18.07.2008 - 20.07.2008 -17 °C
So, I´ll start with our long day of travel where Thalita left off. We caught a bus from La Ceiba to San Pedro Sula that lasted just over 3 hours, but was fairly comfortable, especially compared to the boat ride we´d just experienced. We got to the main bus terminal in San Pedro, and got out the Lonely Planet guide. From the map and info in the book, it looked like we´d have to bus it to Santa Rosa de Copan for 2.5 hours and then bus it to the small town of Gracias (our destination) another 1.5 hours or so. But as we stand there just off the previous bus looking through our guide, a bus pulls up with Gracias plastered on the front, and we jumped and hugged and danced.
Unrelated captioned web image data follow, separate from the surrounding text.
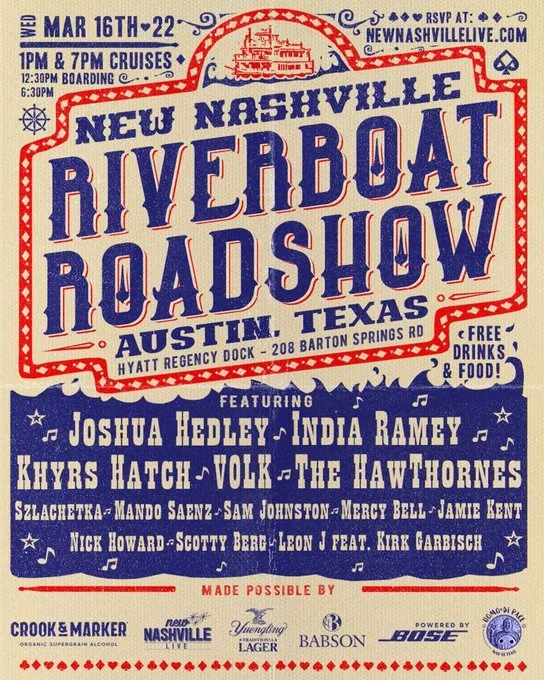 New Nashville: Riverboat Roadshow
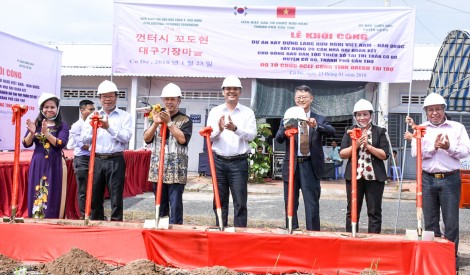 Khởi công xây dựng làng hữu nghị Việt Nam- Hàn Quốc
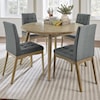 Progressive Furniture Barcelona 5-Piece Round Dining Table Set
Alright, no we didn´t, but we were excited, because rarely do things happen in Central America that work out completely to our advantage. That was sweet. We took a pee break (I love thinking of what my mom thinks when she just read that I used the term pee break), and then headed to the bus to wait by it til it left at 2pm. We left and made the gorgeous ride to Gracias, feeling the temperature drop little by little as we climbed into more mountains. Marvelous.
We pulled into the bus station, if you could call it that, at about 6pm. We walked up the steep hill, the same as I did with Coody and Parsons earlier in the year, to a great little hotel called Guancascos. We checked in, dropped the bags, and got something to eat at their ajoining restaurant. We went to a grocery after that, got some water, and some cheetos (They have puffy cheetos that are small like the crunchy ones, so sweet), and went back to enjoy some hotel TV, something we hadn´t enjoyed in a few weeks. Again, marvelous.
The next day, we woke up with aspirations of walking around the city to ¨take it all in¨. So after some breakfast, we headed to the room to shower and get ready, and then it came.... All I will say is that Montezuma is a sneaky punk. He exacted his revenge on me a good 9 or 10 times that morning, which changed our plans around a bit. I spent the rest of the day laying in bed weak and dizzy, drinking as much water as I could (thanks Elizabeth for the propel packets).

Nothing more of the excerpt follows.